15. Duben 2024 v 18:02

It has certainly happened in the past, though not necessarily specifically the narrative part of the game. Many games are pushed to launch without development being as far as they want it to be due to reasons like hitting their budgetary limit and needing to recoup some of the investment. Our estimates are only estimates after all, sometimes we run into unforeseen problems and things take longer than expected. We can't stop paying the developers when we hit snags like that, so certain features end up more costly than others, which eats into the budget that was earmarked for other stuff instead. Most games in this situation have a lot of other launch issues too for the same reason - when you're pushed out the door to make the deadline due to running out of budget, things that should have been fixed are often not.

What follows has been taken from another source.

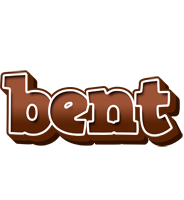 Bent brownie logo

When World of Warcraft launched in 2004, there were several entire world zones that were incomplete and (mostly) locked off from players. Some players were able to sneak in through various exploits and take screenshots of those areas. Most notable were that the zones were primarily unpopulated by anything - no mobs, no quests, empty towns and buildings, just environment geometry that had been built out. This accompanied other incomplete bits of the game like quests that still had XML code in them. It would take years before players would finally see the incomplete-at-launch zones in some form or other.

Cyberpunk 2077 famously launched after multiple delays with numerous bugs and weird issues. Notably, the dev team also completely cut the multiplayer mode of the game that they had been building in order to consolidate resources to ship the single player game. The game came in super hot and had a huge number of launch issues that were eventually (mostly) ironed out, but the multiplayer mode was never resurrected.

The most famous example of this is probably Knights of the Old Republic 2. The publisher famously moved the deadline up and Obsidian scrapped the in-development ending since they didn't have the time to finish it. Instead, the story was wrapped up super quickly to ship the game. Notably, the partially-finished original ending was left on the disc and modders eventually discovered (and later restored) it.